Leave every image out, and print the remaining lines below exactly.

--- START ---

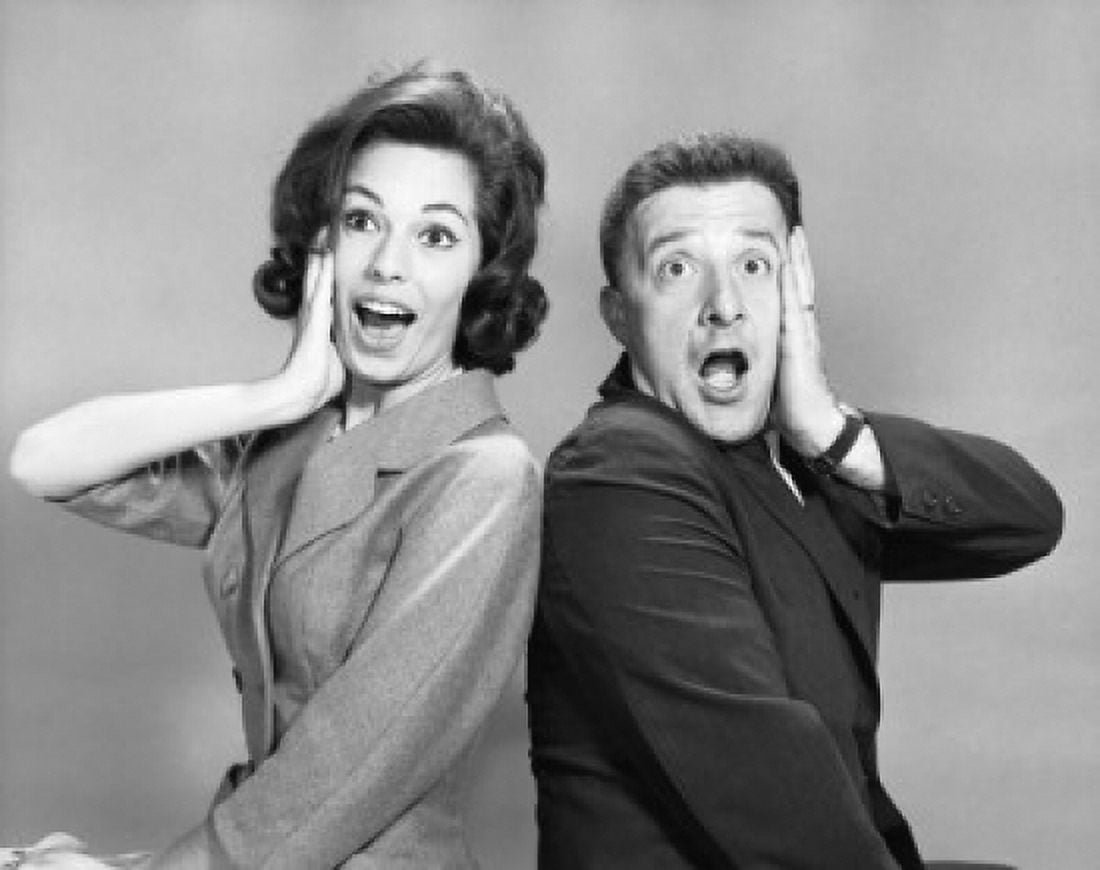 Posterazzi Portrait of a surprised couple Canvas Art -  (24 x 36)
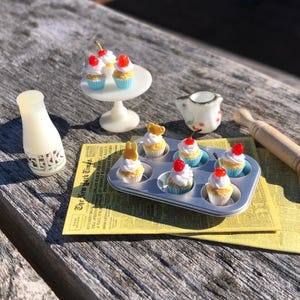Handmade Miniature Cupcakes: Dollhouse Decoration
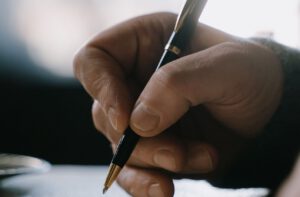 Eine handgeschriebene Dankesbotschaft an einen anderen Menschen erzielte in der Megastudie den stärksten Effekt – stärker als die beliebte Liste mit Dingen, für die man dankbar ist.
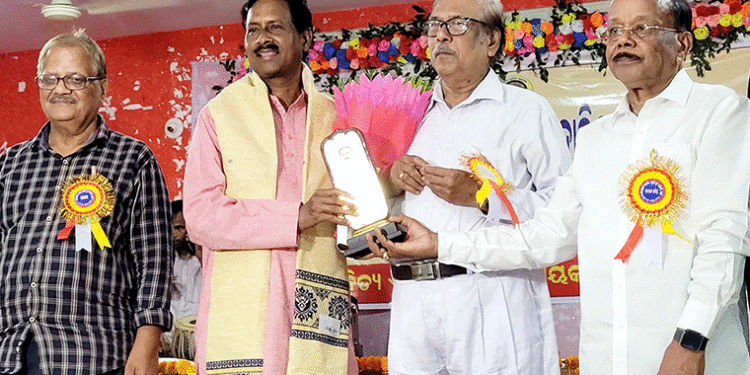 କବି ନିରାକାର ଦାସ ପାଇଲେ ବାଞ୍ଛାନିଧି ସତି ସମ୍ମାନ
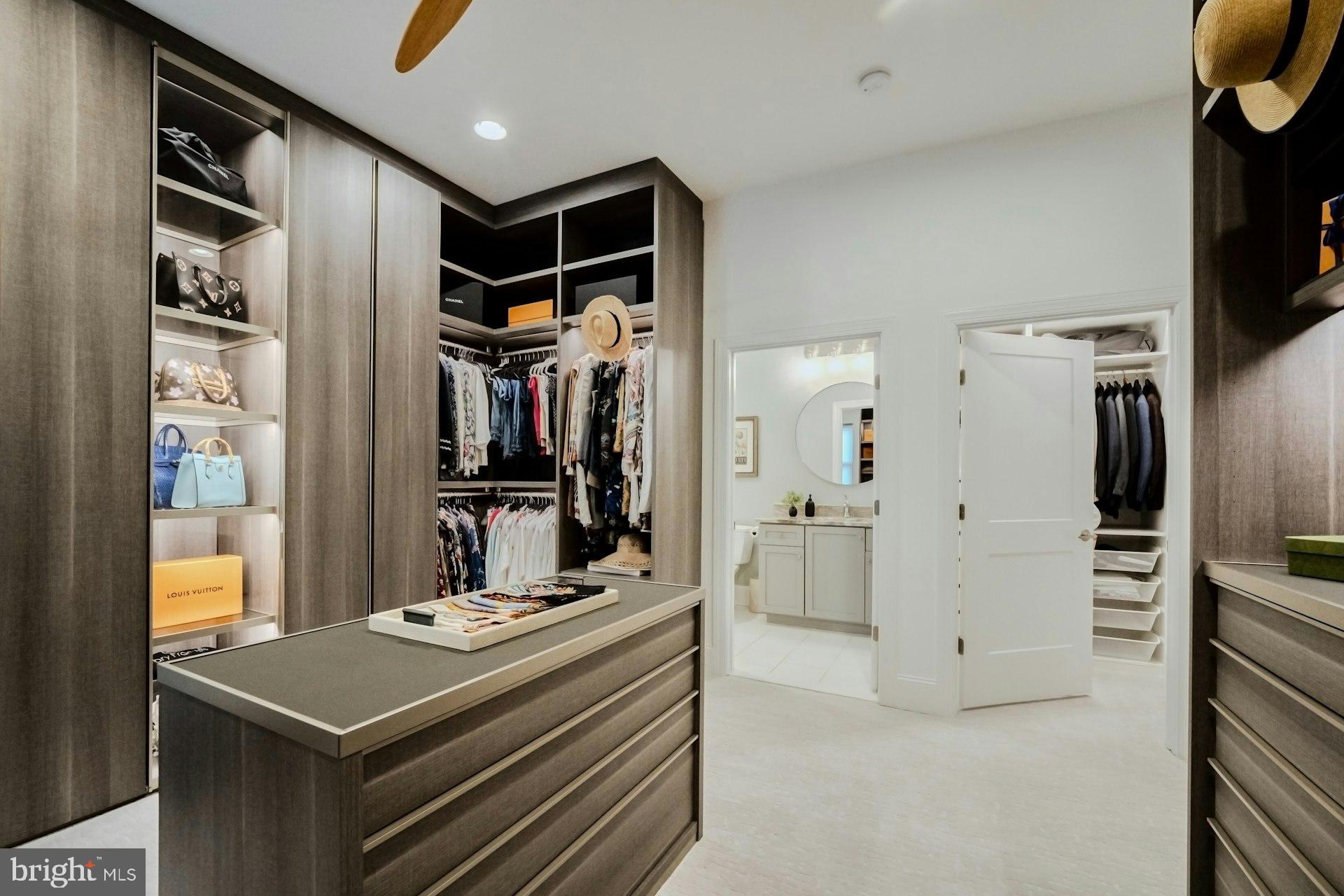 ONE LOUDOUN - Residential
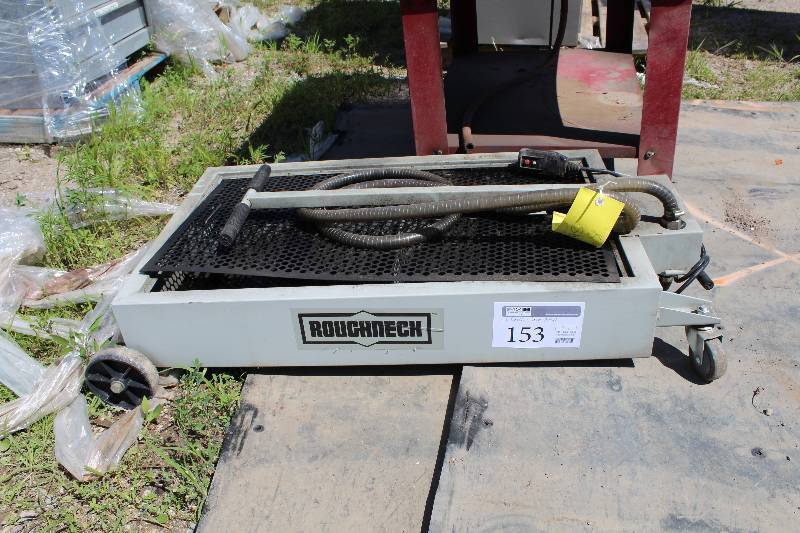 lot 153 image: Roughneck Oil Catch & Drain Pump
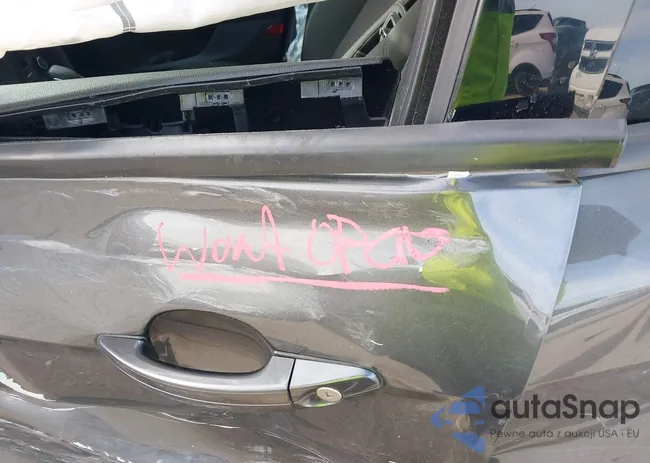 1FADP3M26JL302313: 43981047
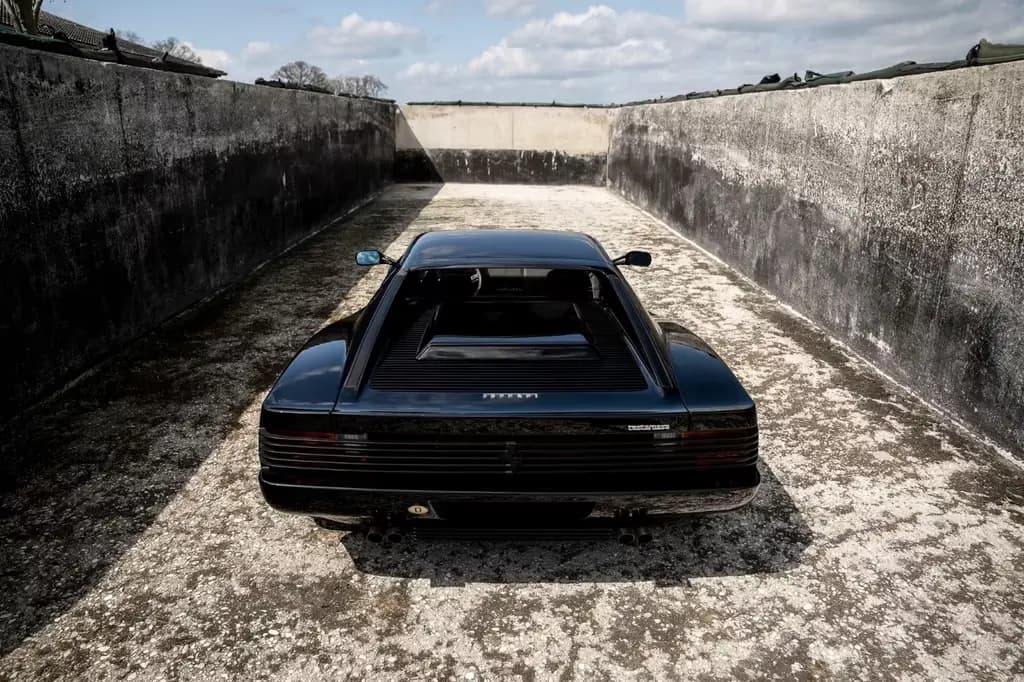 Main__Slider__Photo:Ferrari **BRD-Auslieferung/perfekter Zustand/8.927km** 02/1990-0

--- END ---

▶ Output of the task:
 Posterazzi Portrait of a surprised couple Canvas Art -  (24 x 36)
Handmade Miniature Cupcakes: Dollhouse Decoration
 Eine handgeschriebene Dankesbotschaft an einen anderen Menschen erzielte in der Megastudie den stärksten Effekt – stärker als die beliebte Liste mit Dingen, für die man dankbar ist.
 କବି ନିରାକାର ଦାସ ପାଇଲେ ବାଞ୍ଛାନିଧି ସତି ସମ୍ମାନ
 ONE LOUDOUN - Residential
 lot 153 image: Roughneck Oil Catch & Drain Pump
 1FADP3M26JL302313: 43981047
 Main__Slider__Photo:Ferrari **BRD-Auslieferung/perfekter Zustand/8.927km** 02/1990-0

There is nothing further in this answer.